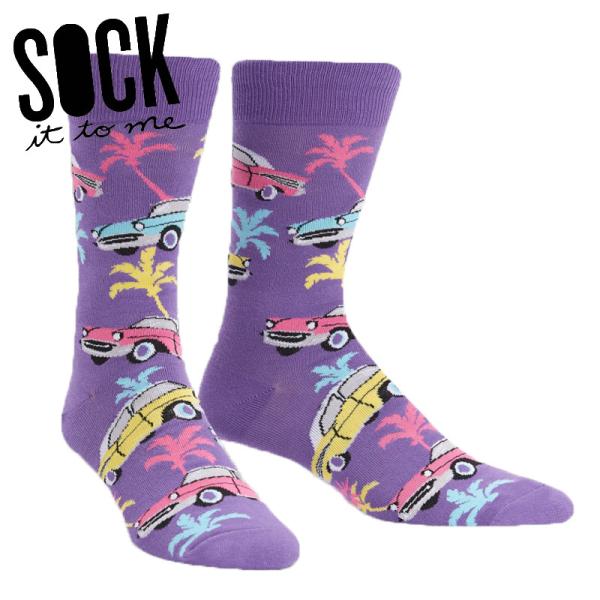 ソックス メンズ 靴下 総柄 車 乗り物 クルーソックス Car Hop Sock It To Me...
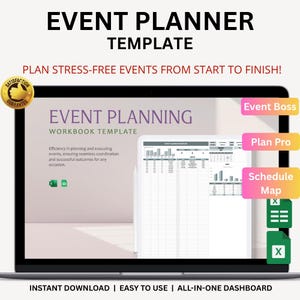 May include: A laptop screen showing an event planning workbook template. The screen displays a spreadsheet with charts and tables. The text reads "Event Planner Template" and "Plan stress-free events from start to finish!" with buttons labelled "Event Boss", "Plan Pro", and "Schedule Map".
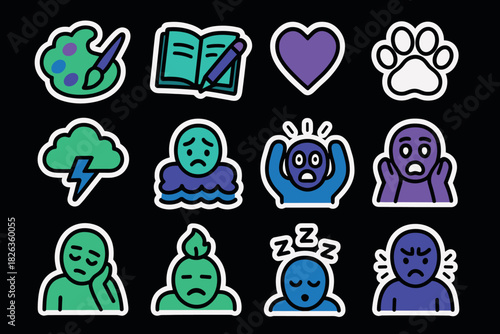 Colorful sticker sheet of emotions and hobbies in bold outline style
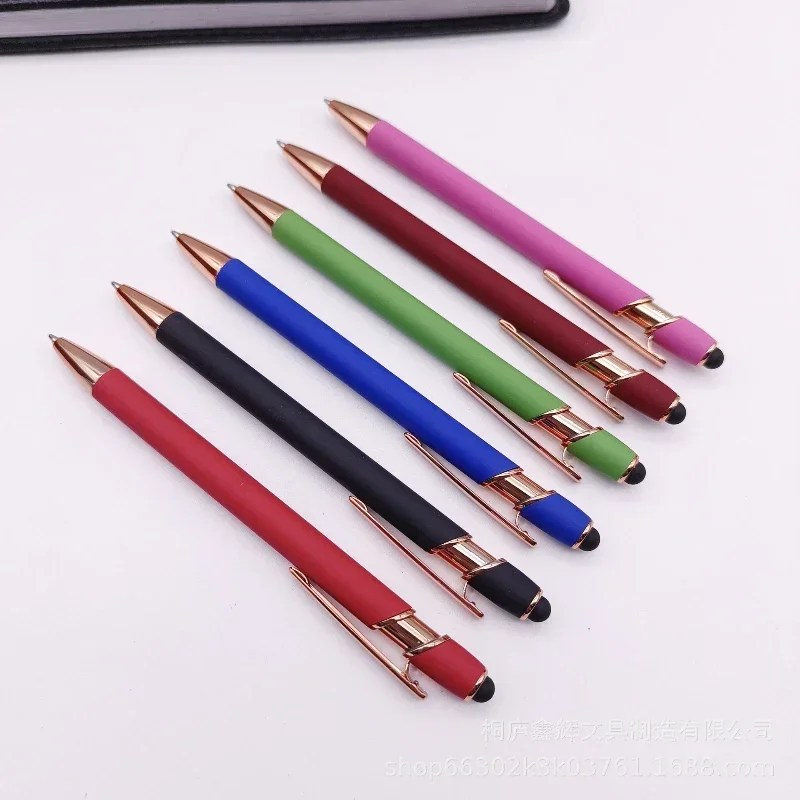 100pcs Free Engraving Aluminum Pen Lettering Metal Ballpoint with TouchScreen Advertising Gift Promotion Pens Multi Function Pen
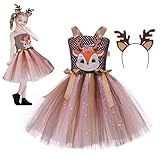 Applications larges : rehaussez l'ensemble de vacances de votre fille avec ce tutu de renne, idéal pour ajouter une touche de fantaisie à Noël, Halloween, les fêtes ou les spectacles sur scène.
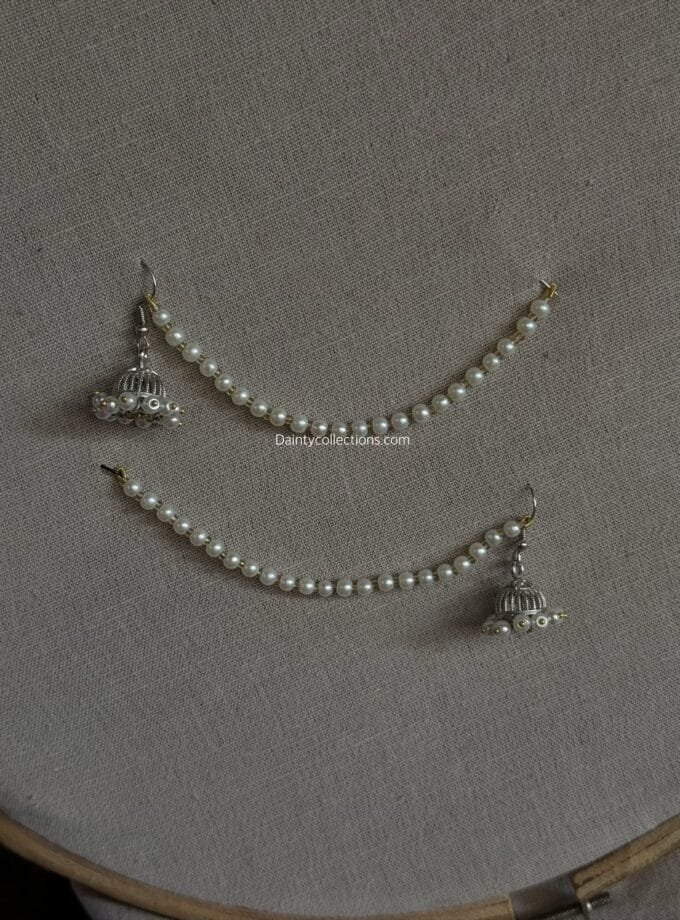 Bano jhumki silver with pearl saharay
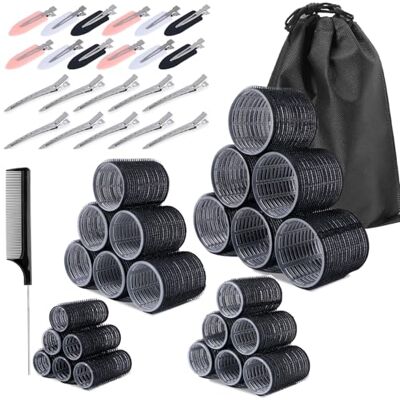 Carehabi Lockenwickler, 50 Stücke Hair Rollers Große Locken Haare Locken Ohne Hitze Hair Curler mit 12 Stücke Klammern für Verschiedene Haarlängen Carehabi Lockenwickler, 50 Stücke Hair Rollers Große Locken Haare Locken Ohne Hitze Hair Curler mit 12 Stücke Klammern für Verschiedene Haarlängen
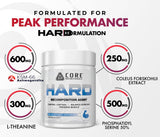 Core Nutritionals HARD supplement packaging with dosage information
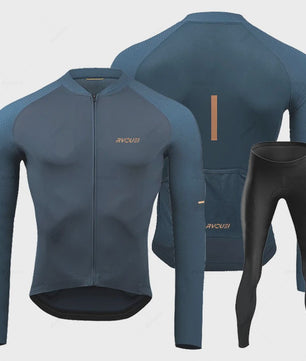 Heren Fietsset Lange Mouw Jersey met Bib Pants - Ademend en Comfortabel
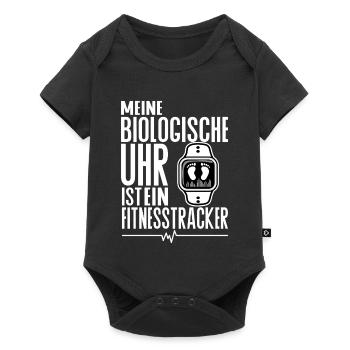Meine biologische Uhr ist ein Fitnesstracker - Baby Premium Kurzarmbody - Schwarz - Vorne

▸ **Exercise instructions**: Between and including the line above that contains "Colorful sticker sheet" and the line that contains "Bano jhumki silver with pearl saharay", restate every line word for word. Pictures stay out.

▸ **Solution to this problem**:
 Colorful sticker sheet of emotions and hobbies in bold outline style
 100pcs Free Engraving Aluminum Pen Lettering Metal Ballpoint with TouchScreen Advertising Gift Promotion Pens Multi Function Pen
 Applications larges : rehaussez l'ensemble de vacances de votre fille avec ce tutu de renne, idéal pour ajouter une touche de fantaisie à Noël, Halloween, les fêtes ou les spectacles sur scène.
 Bano jhumki silver with pearl saharay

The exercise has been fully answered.